Posted on 2007.08.13 at 21:42
Hello, there. Again I resurface. If you are a reader of my regular life LJ, you'll know that the grad school wiped me out completely, and I haven't been doing much of...well, anything... lately. Catching up on TV shows I never watched before, mostly (Farscape? AWESOME)

Anyway, I taught a class on Roman Women's underwear at Pennsic. I had over 20 people, and I know, because I only brought 20 handouts. I suspect that a decent handful of those came i because it was thunderstorming and the tent was dry(ish), but everyone seemed to have fun (including my very own peanut gallery).

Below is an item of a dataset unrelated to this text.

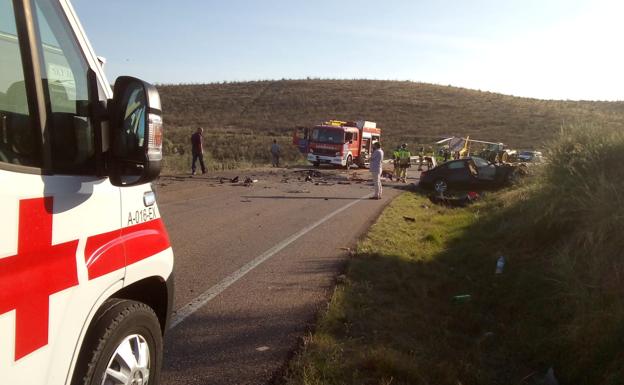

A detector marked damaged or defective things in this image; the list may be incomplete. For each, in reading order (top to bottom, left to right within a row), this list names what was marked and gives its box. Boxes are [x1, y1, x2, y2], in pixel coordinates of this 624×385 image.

crashed black car [422, 156, 520, 192]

I started off by talking about panties, and how I didn't think it was de reguer wear for women during the roman periods. There are a handful of images of women in the process of getting undressed and they are not wearing underpants. It is the opinion of that underpants for women is a recent development, and while there might be a strap/loincloth method for menstruation, as a rule, they were not worn. (as a practical experiment I went without one night, and was perfectly comfortable.)

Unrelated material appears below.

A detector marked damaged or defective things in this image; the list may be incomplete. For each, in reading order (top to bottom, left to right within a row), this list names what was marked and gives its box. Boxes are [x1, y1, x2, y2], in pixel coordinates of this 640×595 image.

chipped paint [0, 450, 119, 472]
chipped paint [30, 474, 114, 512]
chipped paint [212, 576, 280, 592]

Someone asked about chaffing and honestly, modern panties don't help with the thigh chaffing thing, so you either use powder, or just get used to it.

We talked about the Museum of London bikini briefs (and honestly, that's what the MoL calls them, and who am i to argue with them? Nobody, that's who.) and how I (and the MoL think they are acrobatic wear, and used to cover up bits when nothing else (like clothing) was covering them.

So that took like, five minutes.

And then we got to the meat of the class- how to make and wear a strophium. I wore a chiton that I could uunclasp at the shoulder, and tied a linen stropium over a tank top so they could see it on without compromising my modesty (ha). so mostly I stood there and talked with my dress hanging off my waist. it was awesome.

Before I went to Pennsic, most of my strophia were made with muslin, because it was cheap and I am poor. HOWEVER: you get what you pay for in bras and shoes, and this is true in strophia as well. I made a couple of linen, and one in summer weight wool and wool flannel. And I gotta tell you, the wool ones? MOST COMFORTABLE EVER. (Wool is by far the most common fabric found in the Roman world. It is not even a stretch to say that the majority of women wearing a strophium would be wearing one made of wool.)

The wool is not itchy, because it's tied tightly, and doesn't move (or shouldn't). It stretches, and holds things in, and it wicks away sweat (the linen ones do not do this much, and the muslin ones NOT AT ALL). I did not have any problems with brusing on my ribs. For a cold Crown tourney, this is gonna be a good thing.

i demonstrated how I tied them (In the front) and how I'd arrived at that (I tried tying them in the back, and that was a fail, tucking the ends in, and that was an epic fail, and pinning, but that places a lot of stress on a few points in the fabric, and didn't hold well). Someone asked about the center seaming I had in the one I was wearing and that's simply because the fabric was too short to go around.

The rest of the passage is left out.